AP Başkanı Martin Schulz, Cumhurbaşkanı Erdoğan’ın dokunulmazlıkları kaldırtma sebebinin başkanlık sistemi olduğunu ileri sürdü. Türkiye'nin iç işlerine karışmasını nasıl değerlendiriyorsunuz?

Avrupa’nın orta yerinde bir canlı bomba saldırısı olsa ve bir milletvekili bu saldırganın cenaze törenine katılsa, onu savunsa acaba Schulz ne düşünürdü? Şiddeti teşvik etmek, ifade özgürlüğünün sınırıdır. Bu noktada özgürlük tanıyamazsınız. Acaba Schulz, arabasının bagajında silah taşıyan ya da canlı bombanın cenazesine giden bir milletvekilinin Avrupa Parlamentosu’nda görev yapmasını ister miydi? Kaldı ki AK Parti dokunulmazlıkları kaldırıncaya kadar CHP ve HDP dokunulmazlıkların kaldırılması yönünde defalarca taleplerini dile getiriyorlardı.

Bu gelişmeye paralel olarak Türkiye ile AB arasında yaşanan vize muafiyetini sormak istiyorum.

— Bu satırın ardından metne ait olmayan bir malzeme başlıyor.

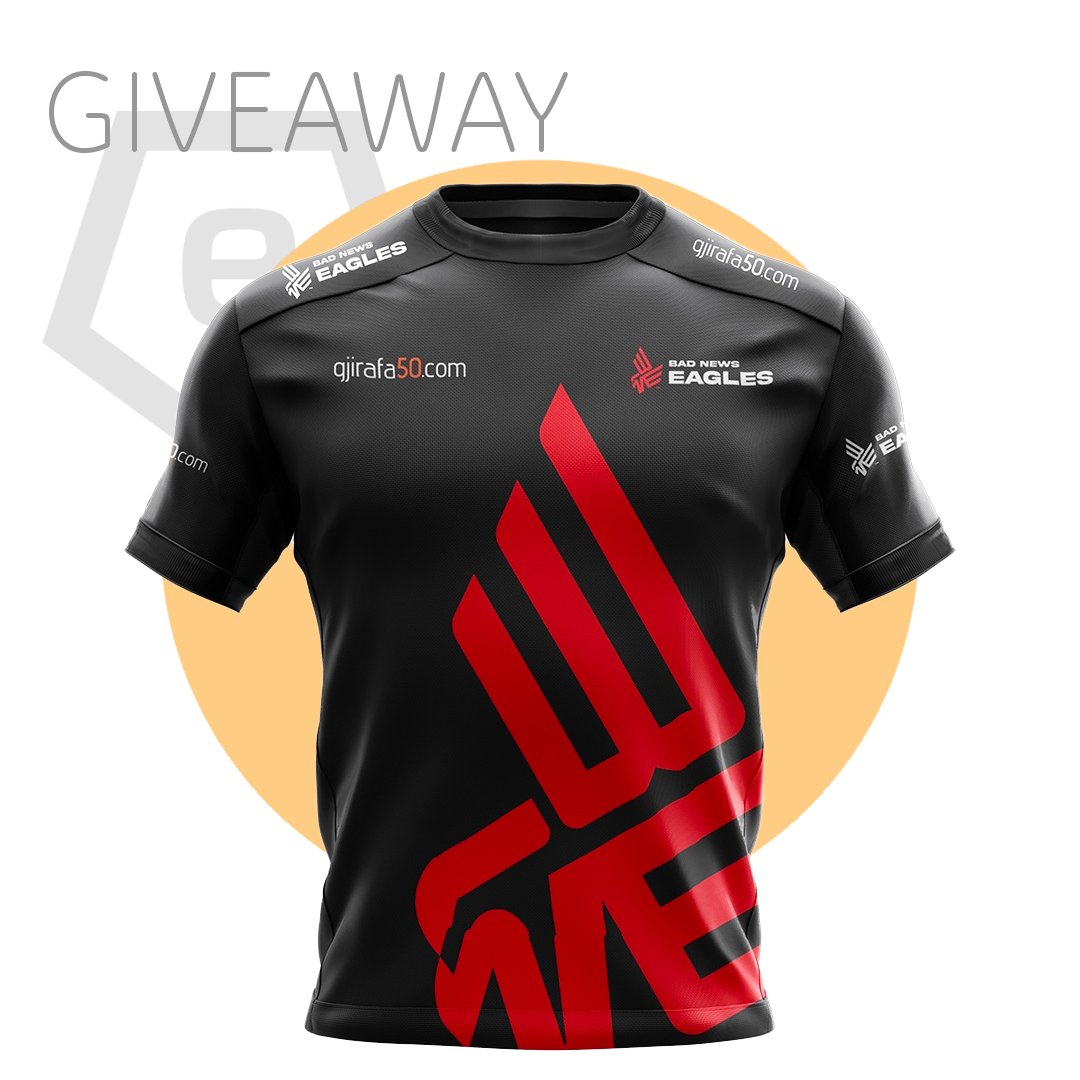 eSports.ch (@esportsch) on Twitter photo ๐จ๐ญ GIVEAWAY ๐จ๐ญ
Together with <a href="/GjirafaGG/">GjirafaGG</a> we can give away 1 official <a href="/_badnewseagles/">BAD NEWS EAGLES</a> jersey!
How to enter:
1โฃ Follow <a href="/eSportsCH/">eSports.ch</a> and <a href="/GjirafaGG/">GjirafaGG</a>
2โฃ Like and Retweet this Tweet
3โฃ Have a bit of luck :)
Swiss residents only ๐จ๐ญ GIVEAWAY ๐จ๐ญ
Together with <a href="/GjirafaGG/">GjirafaGG</a> we can give away 1 official <a href="/_badnewseagles/">BAD NEWS EAGLES</a> jersey!
How to enter:
1โฃ Follow <a href="/eSportsCH/">eSports.ch</a> and <a href="/GjirafaGG/">GjirafaGG</a>
2โฃ Like and Retweet this Tweet
3โฃ Have a bit of luck :)
Swiss residents only
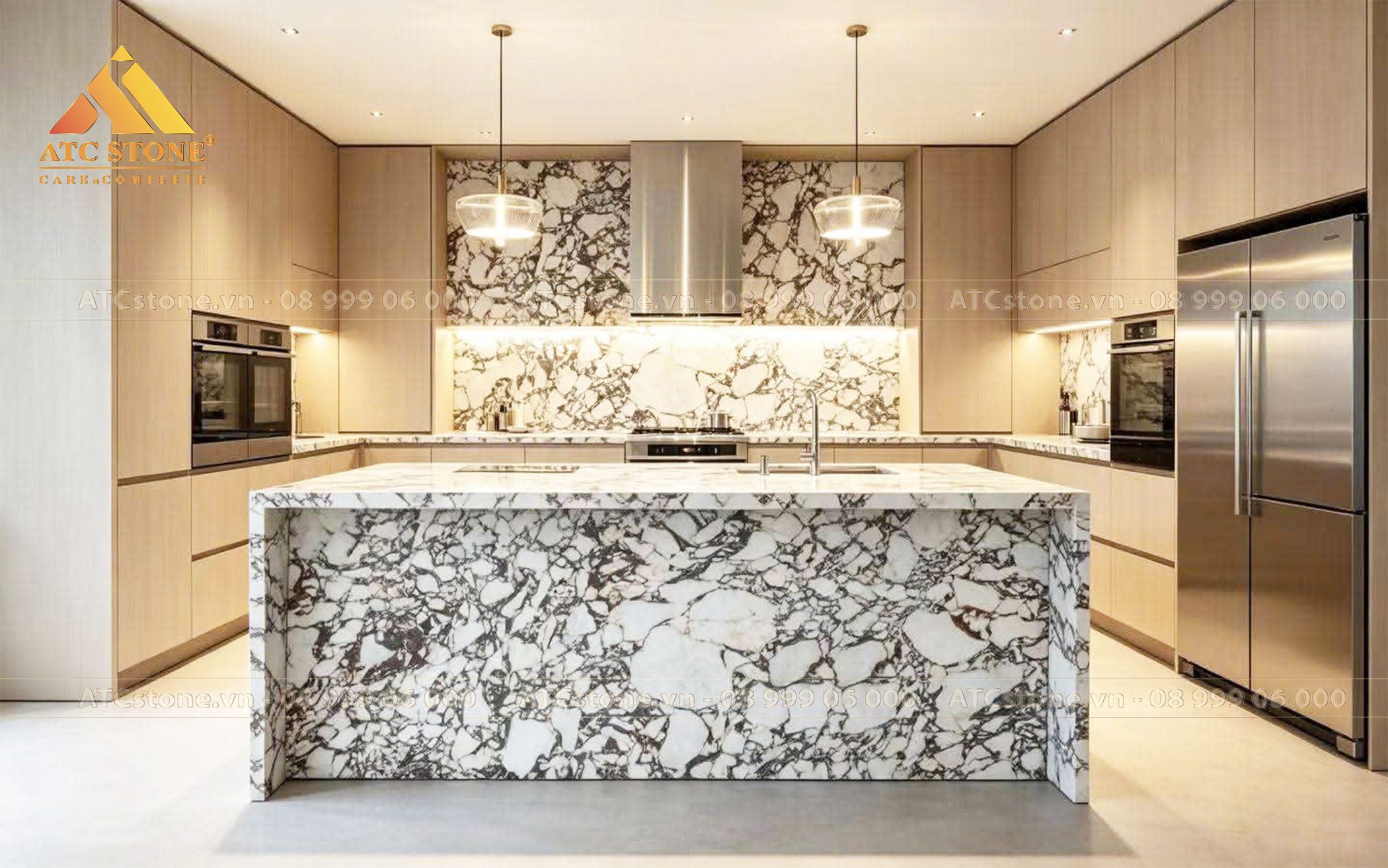 Đá hoa cương cao cấp DA-MARBLE-CALACATTA-VIOLA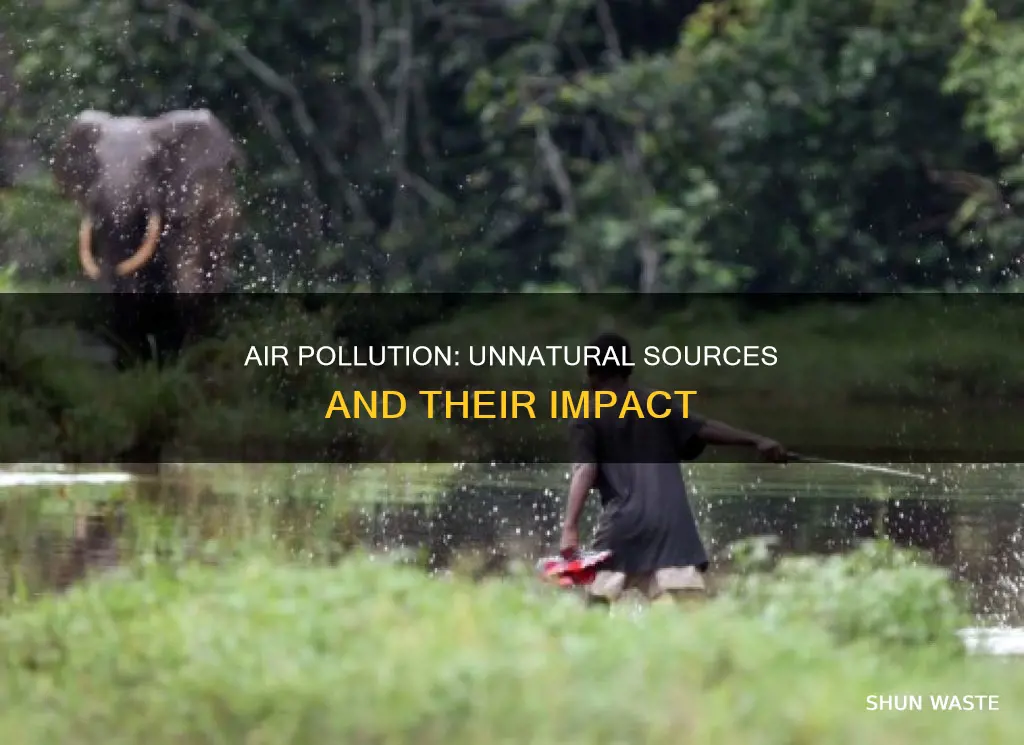 which is not a natural source of air pollution
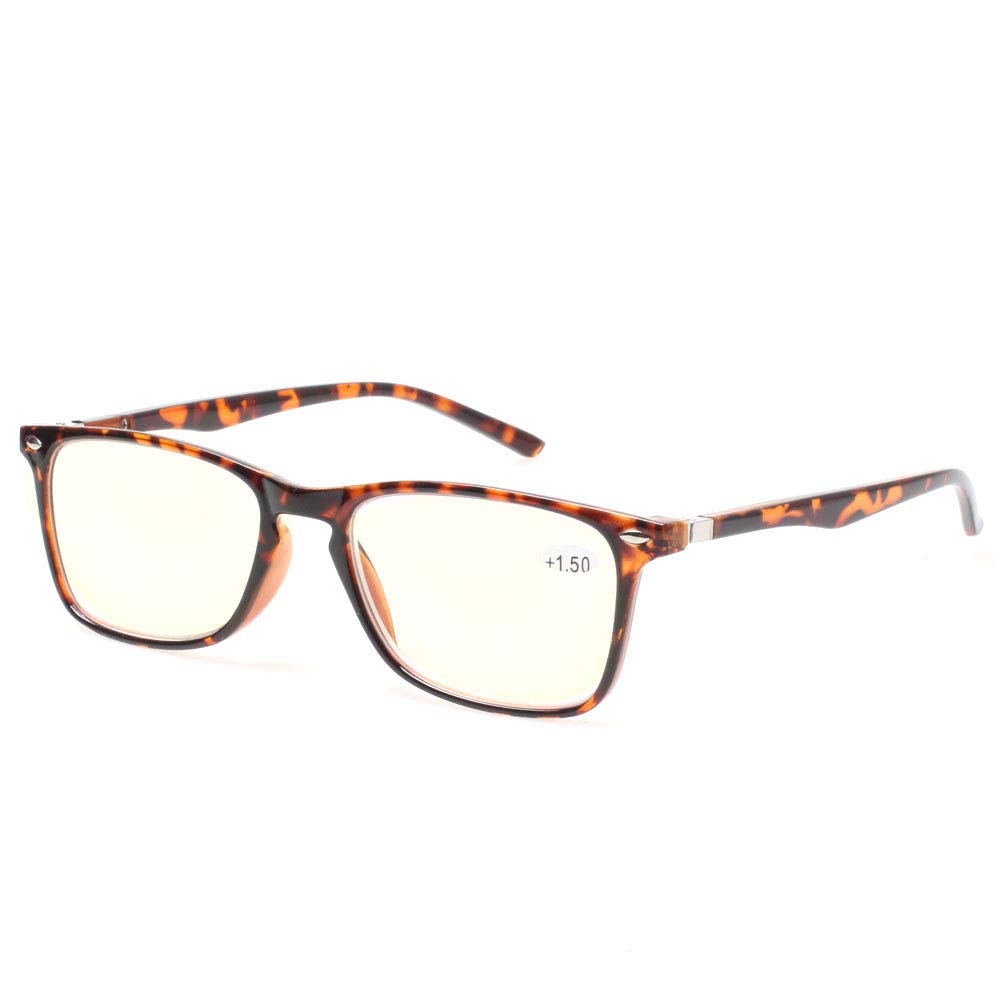 JOSCHOO Anti Blue Light Reading Glasses for Men & Women - Computer Glasses to Reduce Eye Strain - Perfect for Office Work, Gaming & Screen Time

Kritik başlıklar malum. Terör ve mülteciler meselesi. AB, mülteciler konusunda Türkiye’nin vicdanına mı oynuyor?

Suriye iç savaşının başlamasından bu yana Türkiye, hem toplum olarak hem de devlet olarak Suriyeli kardeşlerine sahip çıktı. Birleşmiş Milletler’in önceki gün açıkladığı rapora göre, Türkiye, 2,5 milyon kişiyle en çok sayıda mülteciye ev sahipliği yapan ülke konumunda. Avrupa Birliği ile olan geri kabul anlaşması başlamadan önce de Türkiye, mülteci meselesinde vicdani bir politika izliyordu zaten. Geri kabul anlaşması noktasında Türkiye üzerine düşeni yaptı. Bundan sonrası Avrupa Birliği’ne bağlı. Ancak, Avrupa Birliği kendi kamuoyundan çekindiği için türlü bahaneler üreterek bu sürecin sekteye uğramasına neden oluyor. Son süreç de göstermiştir ki AB’nin değerleri tartışma konusu olmuştur. Dünya barışı için daha evvel bir gelecek tahayyülü vadeden Avrupa Birliği bu özelliğini artık iyice kaybetmiştir. AB değerleri olarak sunulan demokrasi, insan hakları söylemi İslam Dünyası’ndaki demokratik rejimler ve göçmenler söz konusu olunca unutuldu.